::: DATA SECTION :::

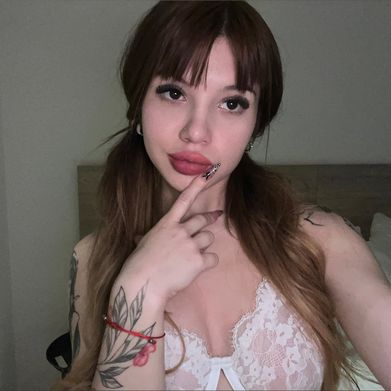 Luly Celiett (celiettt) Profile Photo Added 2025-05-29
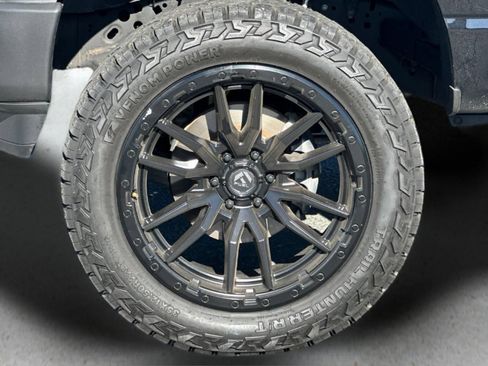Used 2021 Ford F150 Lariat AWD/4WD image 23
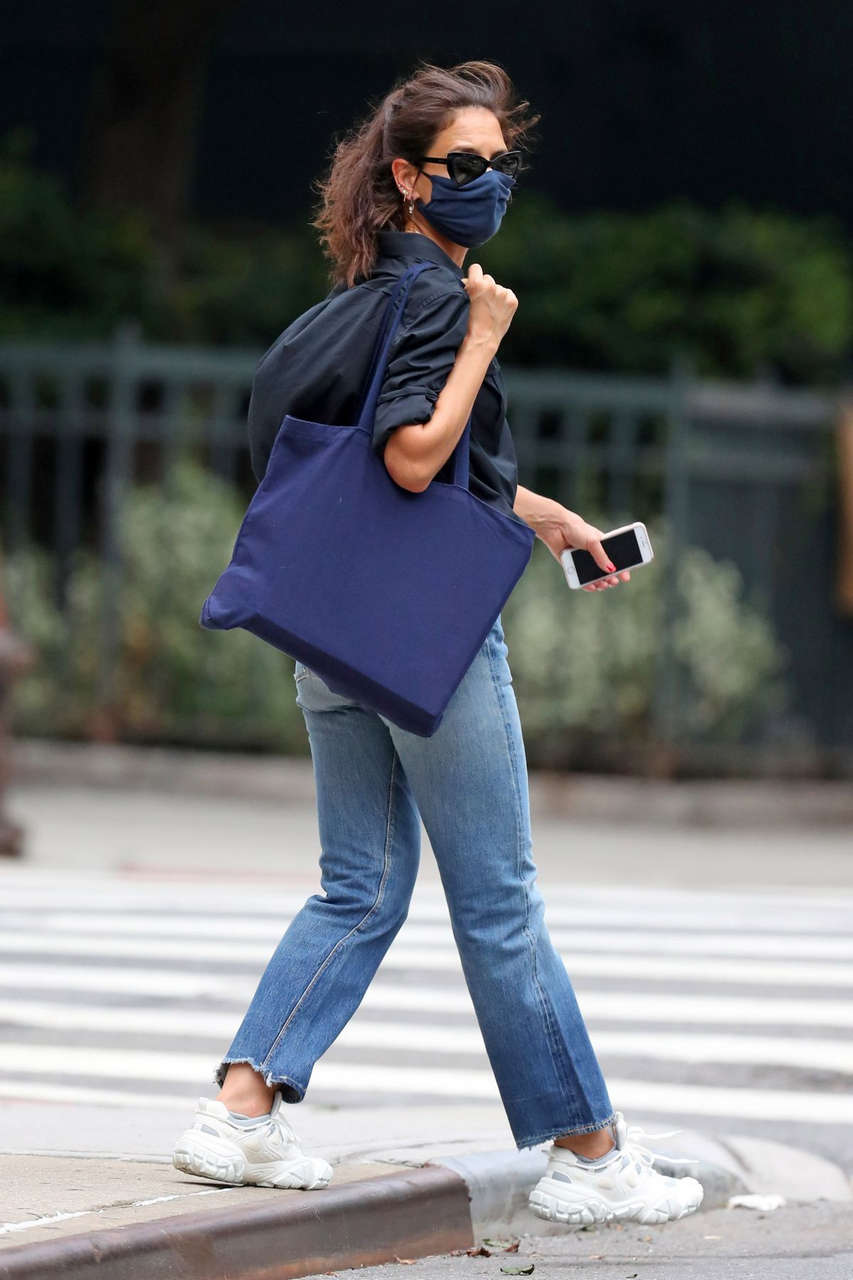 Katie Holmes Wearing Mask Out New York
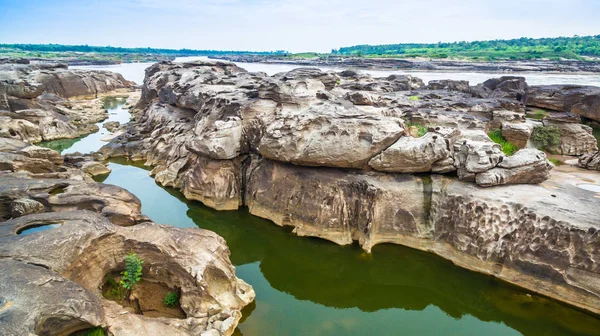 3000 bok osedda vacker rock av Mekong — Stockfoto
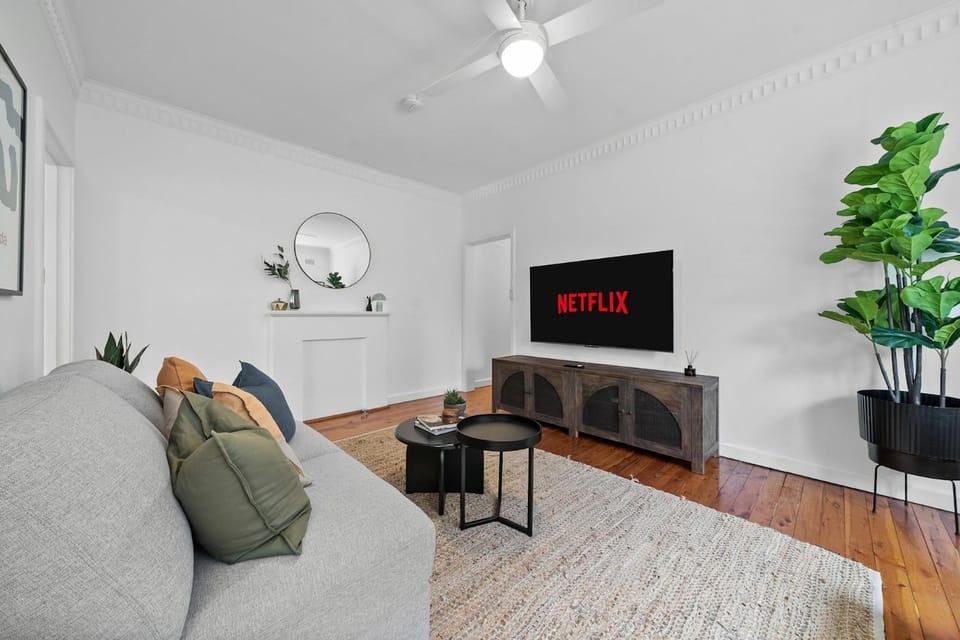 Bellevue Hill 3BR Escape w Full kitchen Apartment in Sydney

:::
::: DATA SECTION :::

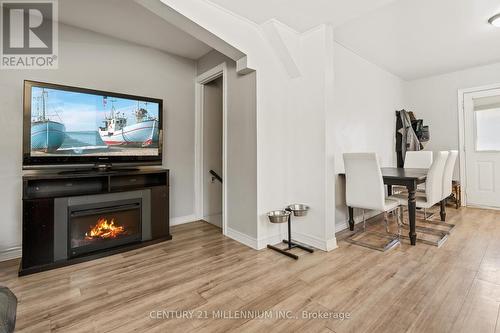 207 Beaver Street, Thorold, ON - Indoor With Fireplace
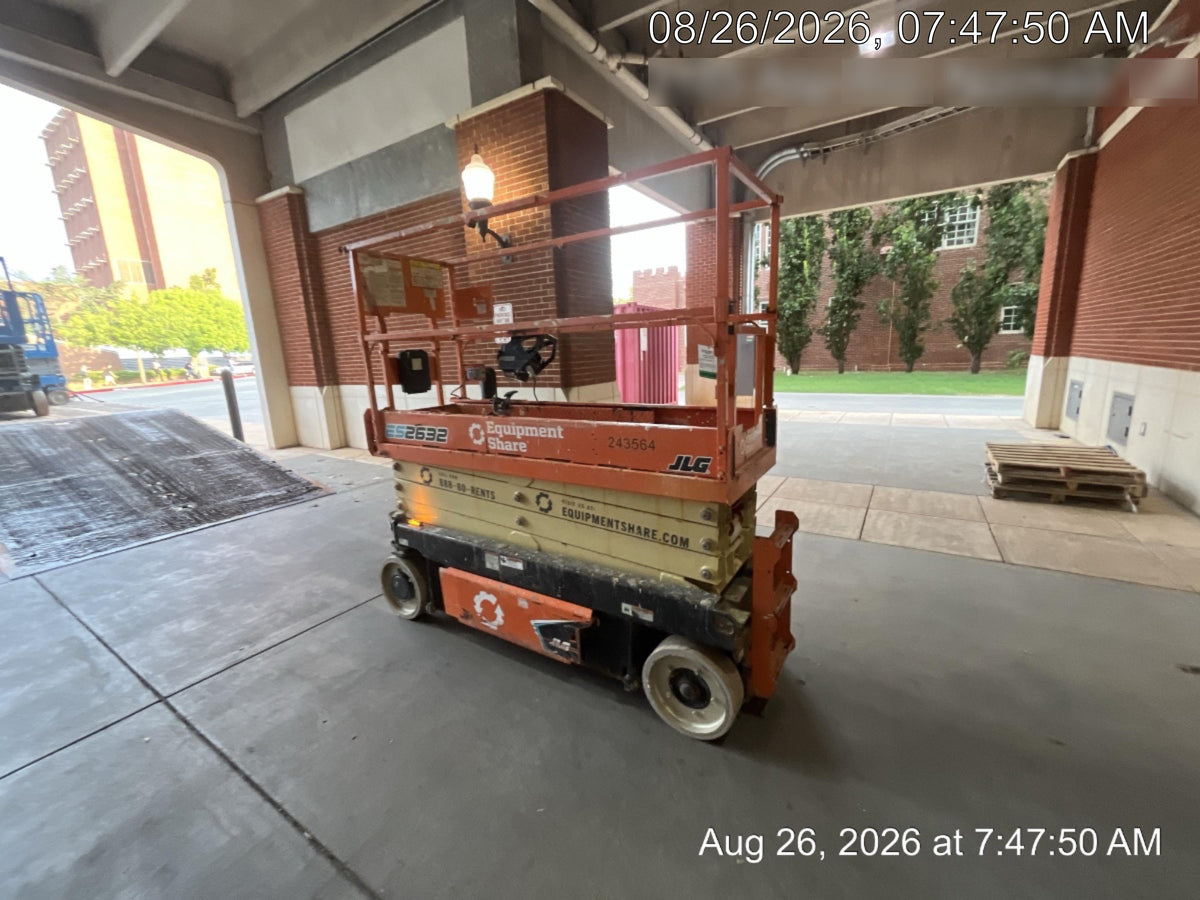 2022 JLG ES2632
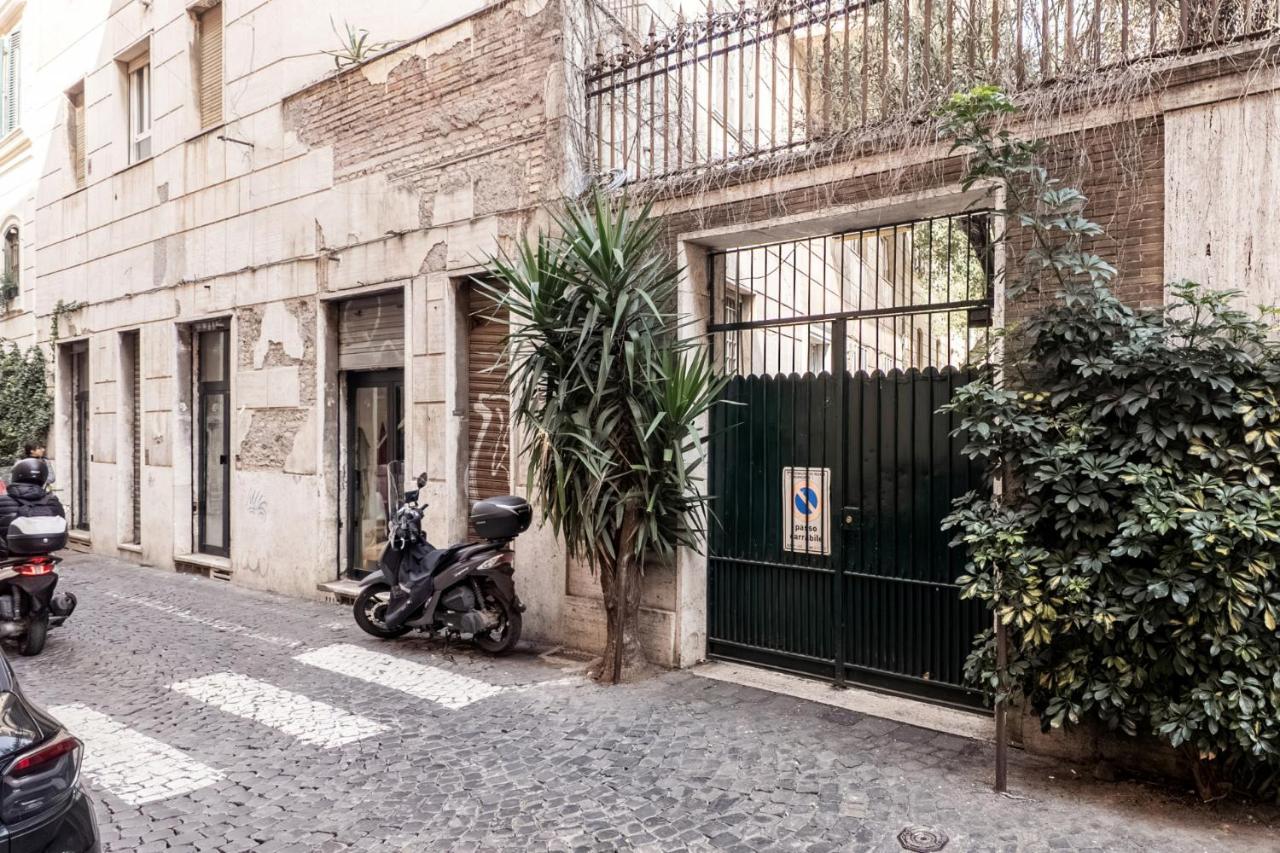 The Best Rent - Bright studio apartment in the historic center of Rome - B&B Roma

:::

▶ INSTRUCTIONS FOR THE TASK
Using the data above, return the lines from the one holding "Luly Celiett (celiettt)" through the one holding "Bellevue Hill 3BR" exactly, but not the pictures.

▶ REPLY
 Luly Celiett (celiettt) Profile Photo Added 2025-05-29
Used 2021 Ford F150 Lariat AWD/4WD image 23
 Katie Holmes Wearing Mask Out New York
 3000 bok osedda vacker rock av Mekong — Stockfoto
 Bellevue Hill 3BR Escape w Full kitchen Apartment in Sydney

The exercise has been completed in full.